Two items of note late last week, race-wise (alas, of course, there are always more than that, but just two for now).
First — as we noted early but was since then widely discussed here, there, and everywhere — the head of the Spokane branch of the NAACP now stands accused of being white. Of course, you can be white and still be a member of the NAACP, but the claim is that this lady knowingly misrepresented her melanin content. Comparisons with faux–Native American Elizabeth Warren and faux-woman Caitlyn Jenner were, of course, inevitable.
Second, there was an interesting article in the New York Times headlined, “Report Says Census Undercounts Mixed Race.” It’s worth reading, even though I’ll be suing the Times for plagiarism:
The Times article last week: “Today, the United States is increasingly not only a multiracial country, but also a country of multiracial individuals, including the first biracial president . . . ”

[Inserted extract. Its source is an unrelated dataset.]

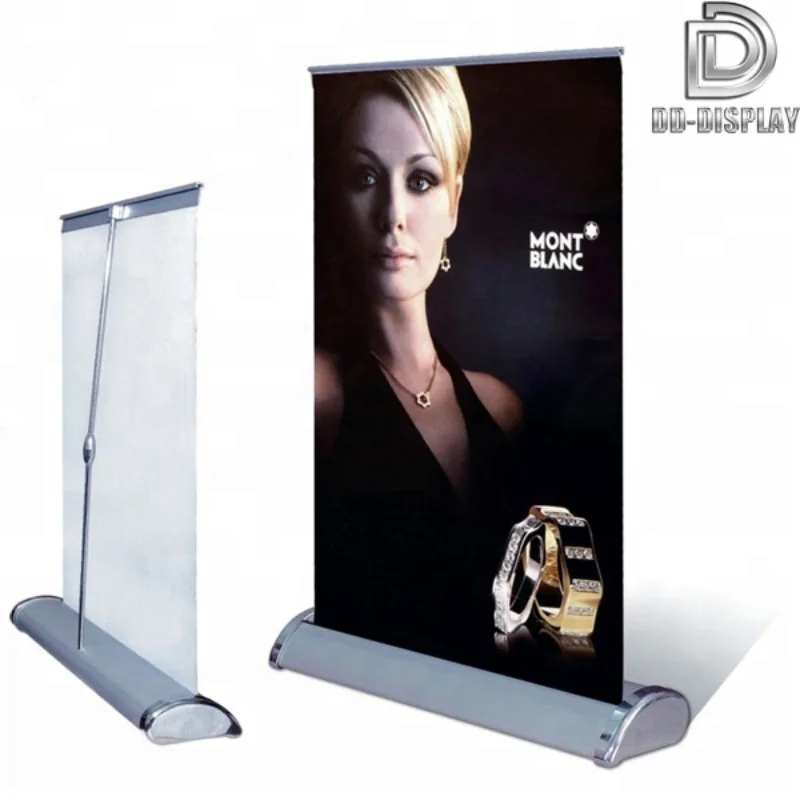 DD A4/A3 Teardrop Lightweight Table Mini Roll Up Banner Stand for Decoration Advertising Custom Printed Patterns
DD A4/A3 Teardrop Lightweight Table Mini Roll Up Banner Stand for Decoration Advertising Custom Printed Patterns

Yours truly in ScotusBlog, 2012: “ . . . as America becomes an increasingly multiracial, multiethnic society and as individual Americans are themselves more and more likely to be multiracial and multiethnic (starting with our president).”
I won’t really sue the Times, of course. Glad to have them on board with me in recognizing that, in such a country, it’s an “untenable legal regime” to give preferences to some Americans and discriminate against others on the basis of skin color and what country their ancestors came from. The Times does recognize that now, right?
And this goes double if we can all choose our own racial identities, right? I don’t particularly care if people want to identify themselves as being of this or that race, so long as being classified a particular way doesn’t mean that you will get treated any better or any worse. But, alas, such preferential treatment is vehemently insisted upon by the forces of political correctness.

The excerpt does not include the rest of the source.